Remedies for a Breach of Contract
A breach of contract occurs where a party to a contract fails to perform his obligations under contract. When a contract is broken, the injured party may have several courses of action open to him. There are various remedies available to a party where there has been a breach of contract. The remedies for a breach of contract are rescission of contract, damages, specific performance, injunction and restitution.
The equitable remedy of rescission can be used to describe where if one party has broken the contract, the other party may treat the contract as rescinded and refuse further performance. By treating the contract as rescinded he makes himself liable to restore any benefits he has received for instance if he has agreed to sell goods and has received all or part of the price, he must return it,unless it is a term of the contract that he need do not so. If the breach has only been a breach of warranty, the injured party must perform his part, although he has a right of auction for damages.
Whenever there is a breach of contract by one party, the other is entitled to bring an auction for damages. If he has sustained loss, he is entitled to substantial damages, for instance see the case of Sunley Ltd v Cunard White Star Ltd. (1940) 1K.B. 740 where C agreed to carry S’s machine to Guernsey, but owning to their delay, the machine arrived a week later. S proved no loss of profit. Held, S’s damages were (1) £20, one week’s depreciation of the machine, (2) £10, interest on the capital cost, maintenance and wages. If in fact, he has sustained no loss from the breach he will not be entitled to substantial damages but only can claim nominal damages.
Instead of awarding damages to the injured party, a specific performance may be granted. Specific performance means that the actual carrying out by the parties of their contract and in a proper case the court will insist on the parties carrying out their agreement.This remedy, however, is discretionary, and will not be granted in any of the following cases where damages are an adequate, where the court cannot supervise the execution of the contract for instance building contract, where one of the parties is a minor, and in contracts to lend money.
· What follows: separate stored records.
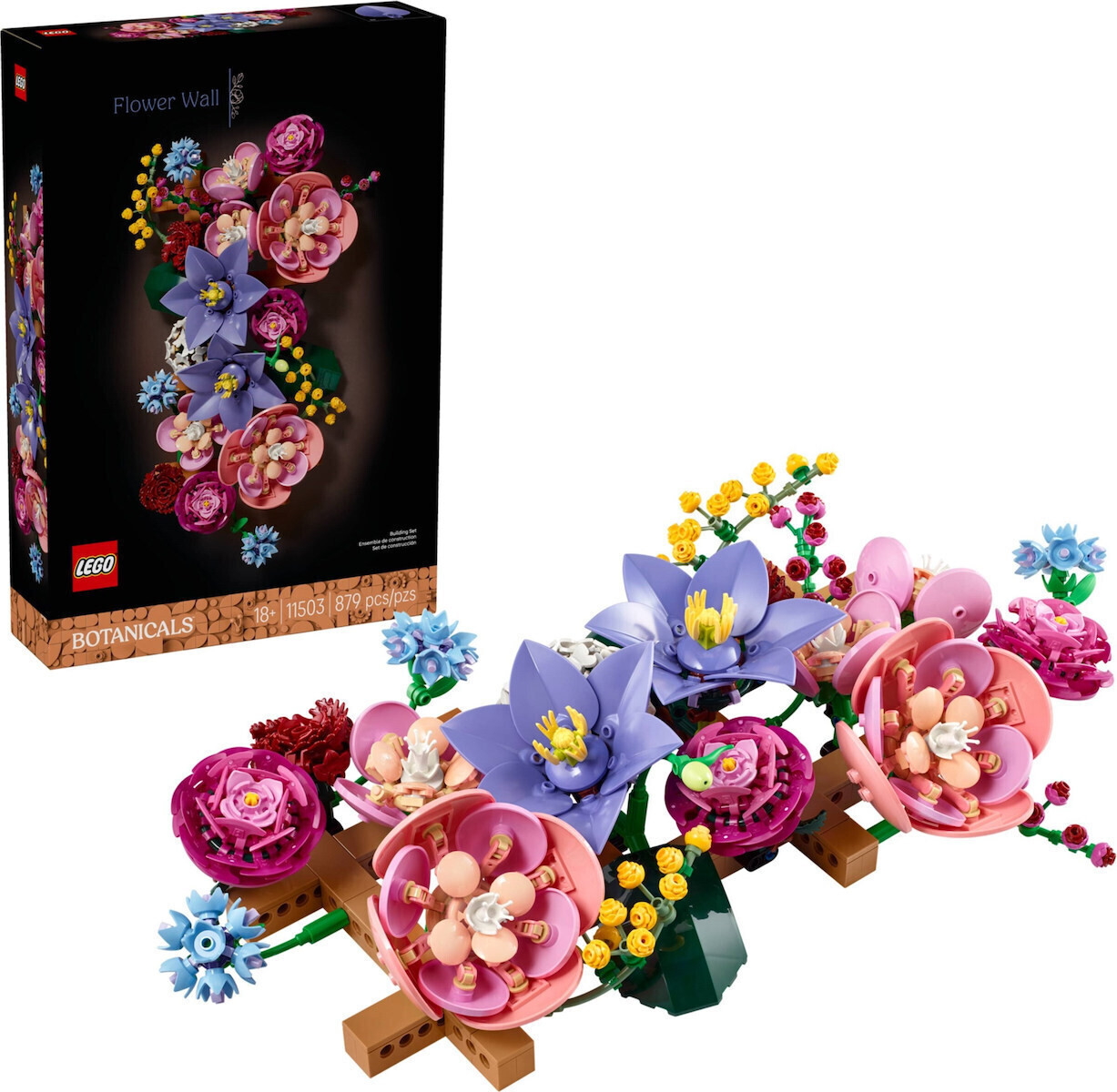 LEGO Botanical Collection Botanicals Flower Wall για 18 Ετών 879τμχ Κωδικός 11503
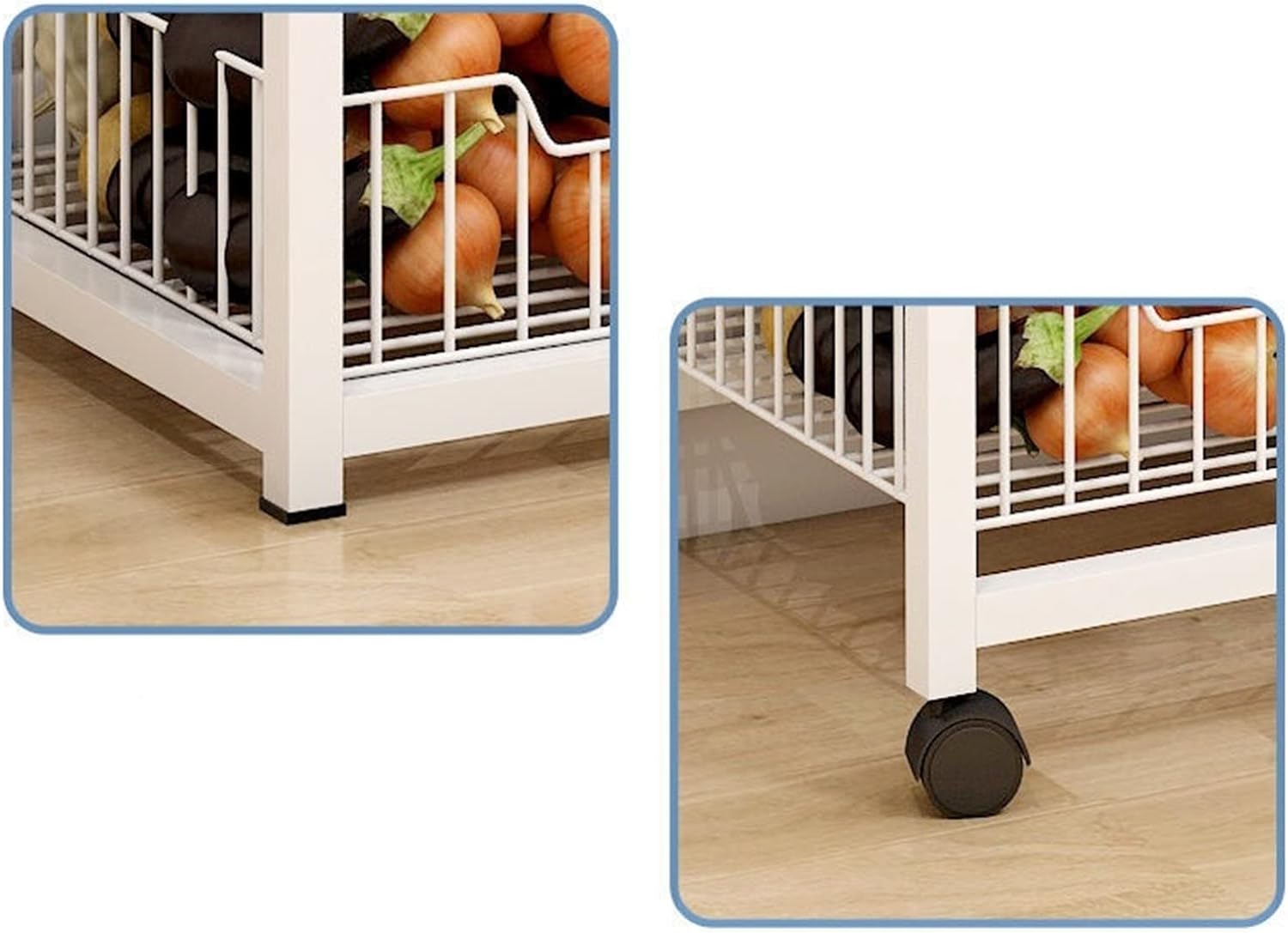 Multifunctional Floor-to-Floor Kitchen Storage Rack | Microwave Oven Organizer with Multi-Layer Shelves – 80x30x142.5cm
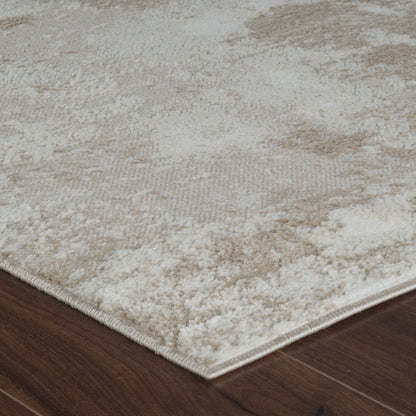 Tapis beige moderne abstrait Nomad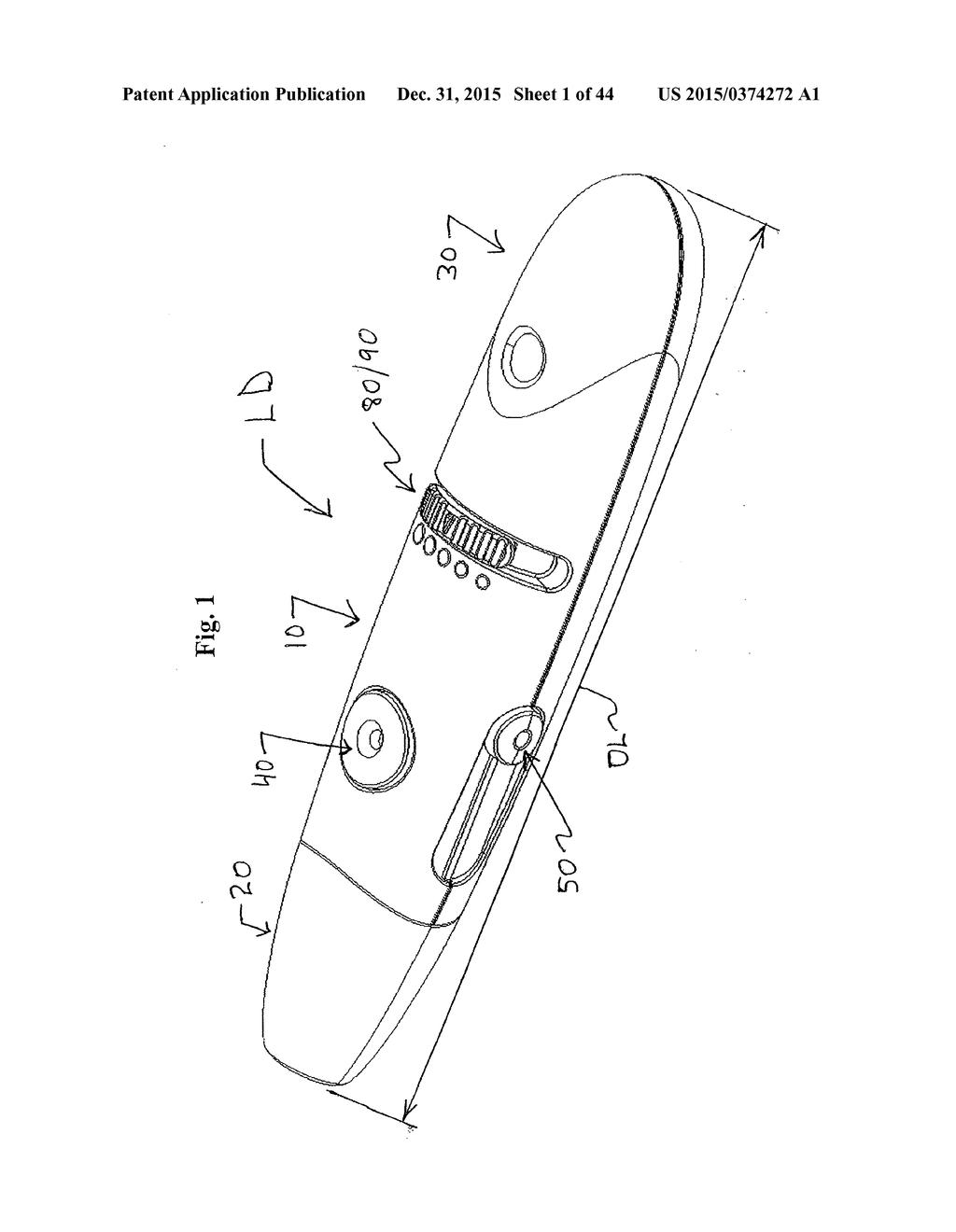 LANCING DEVICE WITH DEPTH ADJUSTMENT AND LANCET REMOVAL SYSTEM AND METHOD - diagram, schematic, and image 02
An injunction is an order of the court restraining a person from doing some act. It will be granted to enforce a negative stipulation in a contract where damages would not be an adequate remedy. For example, see the case of Metropolitan Electric Supply Co. v Ginder (1901) 2 Ch.799 where G agreed to take the whole of the electric energy required by his premises from the plaintiffs. Held this was in substance an agreement not to take energy from any other person and it would be enforced by injunction.
Where there is a breach of contract, the injured party, instead of suing for damages, may claim payment for what he has done under the contract. His right to payment does not arise out of the original contract, but is based on an implied promise by the other party arising from the acceptance of an executed consideration. This is a termed of a restituation. For example, see the case of Planche v Colburn (1831) 8 Bing 14 where P was engaged by C to write a book to be published by the instalments in a weekly magazine. After a few numbers had appeared the magazine was abandoned. Held P could recover on a restituation for the work he has done under the contract.